The crisis that causes the crisis
Today divisions grow between banking authorities in regard to the relevance of maintaining low interest rates at historic lows.
The Chairman of the U.S. Federal Reserve (Fed) Ben Bernanke, has repeatedly defended the monetary policy of low interest rates and insisted that the recovery will be even more moderate to significantly reduce the unemployment rate of 8.3%.
“We believe that inflation will be lower than the target of two per cent over the next two years and we will not allow high inflation to boost employment,” Bernanke said.
The continuing economic crisis of the housing market and the pessimism of consumers are highlighted among the factors that maintain economic growth prospects at a low level, as its spending accounts for 70% of Gross Domestic Product of the U.S.

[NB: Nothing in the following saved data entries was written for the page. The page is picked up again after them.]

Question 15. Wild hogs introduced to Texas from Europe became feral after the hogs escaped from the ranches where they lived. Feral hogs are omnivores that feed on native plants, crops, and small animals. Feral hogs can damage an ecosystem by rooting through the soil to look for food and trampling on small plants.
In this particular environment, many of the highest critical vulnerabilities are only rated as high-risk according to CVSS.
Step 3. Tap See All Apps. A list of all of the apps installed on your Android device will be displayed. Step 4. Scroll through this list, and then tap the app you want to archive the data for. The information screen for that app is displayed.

Fed announced in January that the reference rates will be at lows of between zero and 0.25% by the end of 2014, longer than expected.
The provision generally seeks to stimulate lending and consequently, the money supply and investment.

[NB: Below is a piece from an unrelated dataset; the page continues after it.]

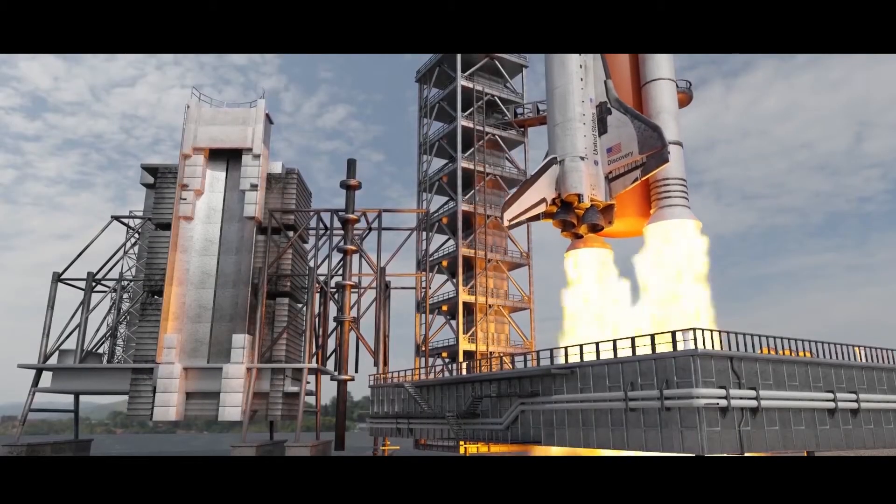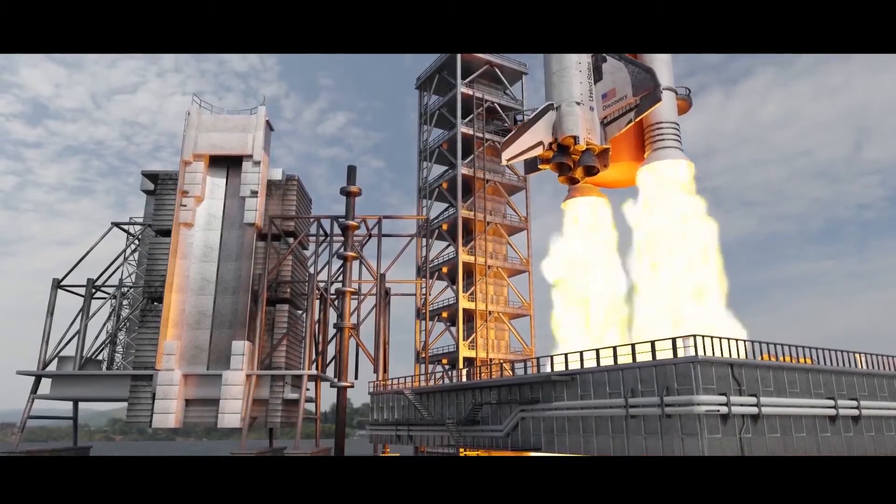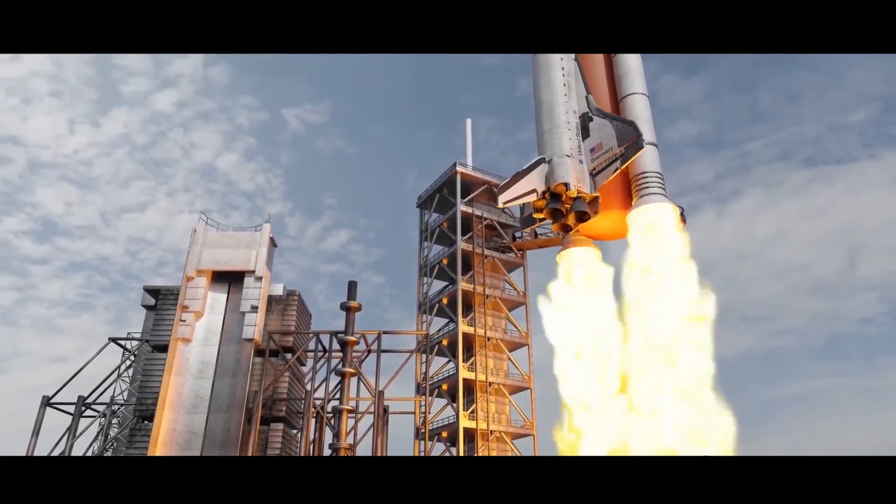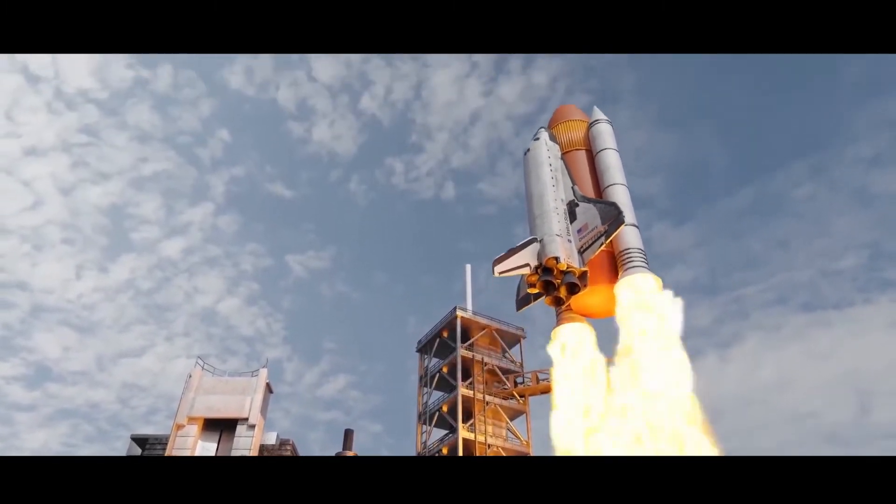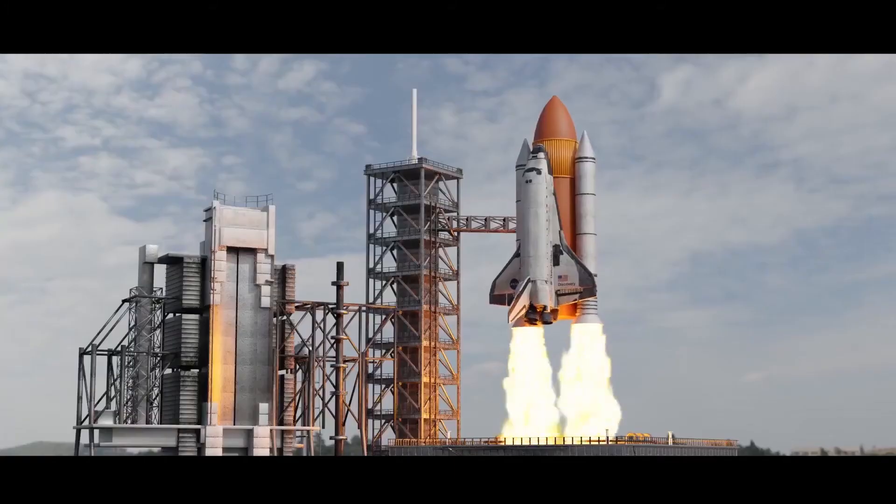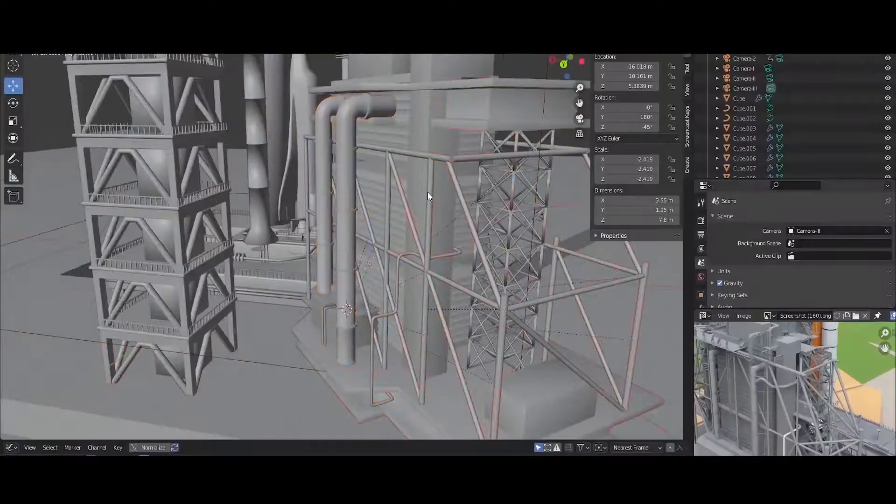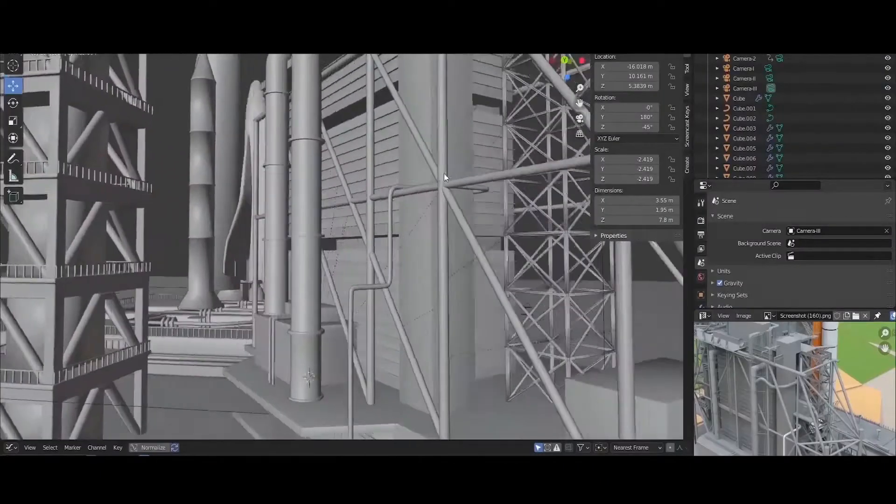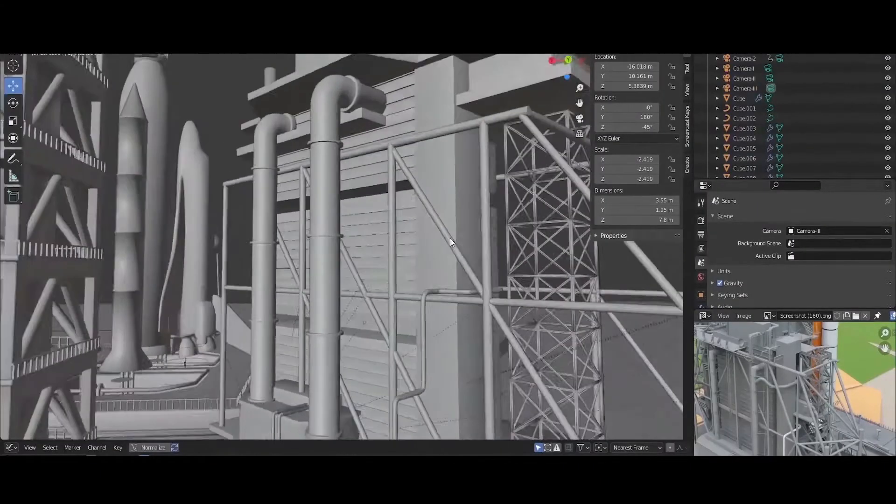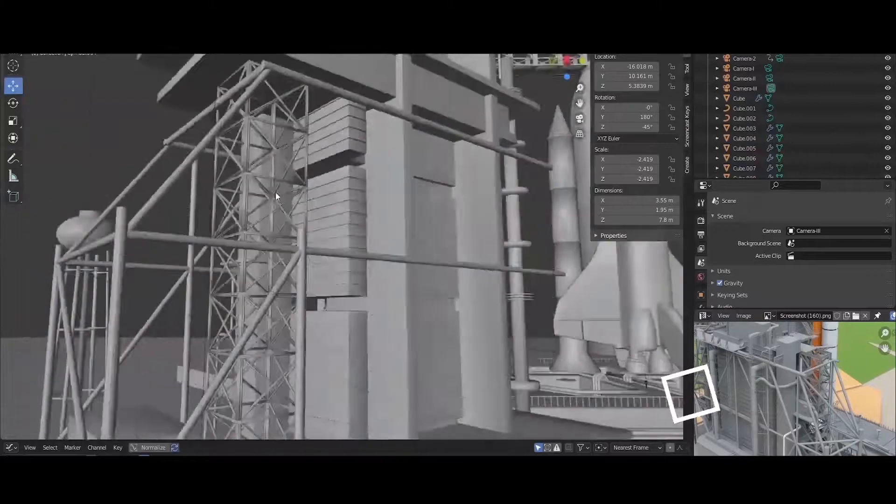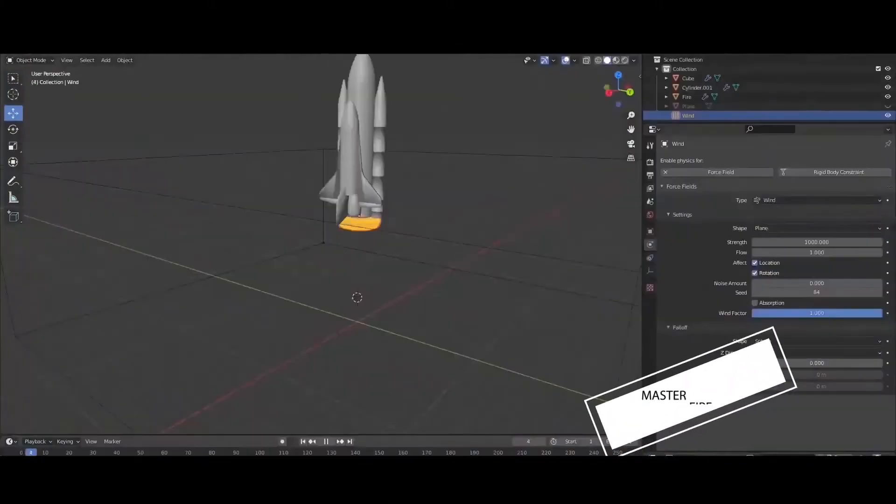Welcome back everyone to this new exciting tutorial series. It's going to teach you how to animate a rocket launch into space. It's going to be really awesome. You will learn surface modeling by creating this space station from scratch.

However, the Fed Chairman of the U.S. city of Philadelphia, Charles Plosser, intensified criticism of the ultra-expansive monetary policy of the highest authorities and warned that any new measure could trigger an increase in prices.
Plosser believes that some of his colleagues have had an accelerated approach to monetary policy, noting that the recent improvement in the economy requires Fed to refrain from further action.

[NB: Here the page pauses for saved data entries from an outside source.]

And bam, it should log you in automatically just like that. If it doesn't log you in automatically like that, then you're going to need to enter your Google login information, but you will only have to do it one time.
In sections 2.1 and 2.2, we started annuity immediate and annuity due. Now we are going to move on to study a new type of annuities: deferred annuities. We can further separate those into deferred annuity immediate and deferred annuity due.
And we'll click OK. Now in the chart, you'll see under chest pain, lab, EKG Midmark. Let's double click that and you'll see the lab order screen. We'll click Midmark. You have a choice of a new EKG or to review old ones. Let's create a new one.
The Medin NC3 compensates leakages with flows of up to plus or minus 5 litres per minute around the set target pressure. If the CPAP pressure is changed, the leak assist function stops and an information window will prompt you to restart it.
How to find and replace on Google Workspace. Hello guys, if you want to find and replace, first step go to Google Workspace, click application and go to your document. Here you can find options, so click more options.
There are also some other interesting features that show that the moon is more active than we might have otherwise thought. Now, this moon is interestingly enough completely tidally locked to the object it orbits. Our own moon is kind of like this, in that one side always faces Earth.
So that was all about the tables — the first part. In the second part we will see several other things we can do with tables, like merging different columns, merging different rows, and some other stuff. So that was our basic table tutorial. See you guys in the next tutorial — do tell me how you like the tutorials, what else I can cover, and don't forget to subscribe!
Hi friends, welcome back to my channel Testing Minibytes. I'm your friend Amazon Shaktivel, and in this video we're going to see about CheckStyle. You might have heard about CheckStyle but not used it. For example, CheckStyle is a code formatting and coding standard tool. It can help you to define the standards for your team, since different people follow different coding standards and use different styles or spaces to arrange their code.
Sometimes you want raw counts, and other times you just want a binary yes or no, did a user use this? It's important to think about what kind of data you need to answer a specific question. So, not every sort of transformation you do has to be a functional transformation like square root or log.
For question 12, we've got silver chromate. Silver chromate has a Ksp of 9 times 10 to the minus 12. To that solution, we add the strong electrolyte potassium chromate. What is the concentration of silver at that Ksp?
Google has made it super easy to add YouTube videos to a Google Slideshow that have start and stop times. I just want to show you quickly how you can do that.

“This acceleration puts the economy dangerously en route to a rise in inflation or a sharp distortion in financial markets,” he pointed out.
Also a Director of the Fed of the State of Missouri, James Bullard, warned that low interest rates for an excessive period would harm the U.S. economy in the long run.
High unemployment and lower growth prospects would be the major implications, he stated.
In this context, Bernanke´s declarations make difficult the view of leaving the door open to a new round of quantitative easing if unemployment remains high and inflation slows down.
After the arsenal used to tackle the economic crisis which began in 2008, Fed has little room for manoeuvre, according to analysts.
The slow recovery of U.S. economy affects the banking sector because existing conditions make it difficult for banks to generate money to give loans, experts say.
It is worth remembering that the unemployment rate in the U.S., above 8%, remained on 10 points for several months.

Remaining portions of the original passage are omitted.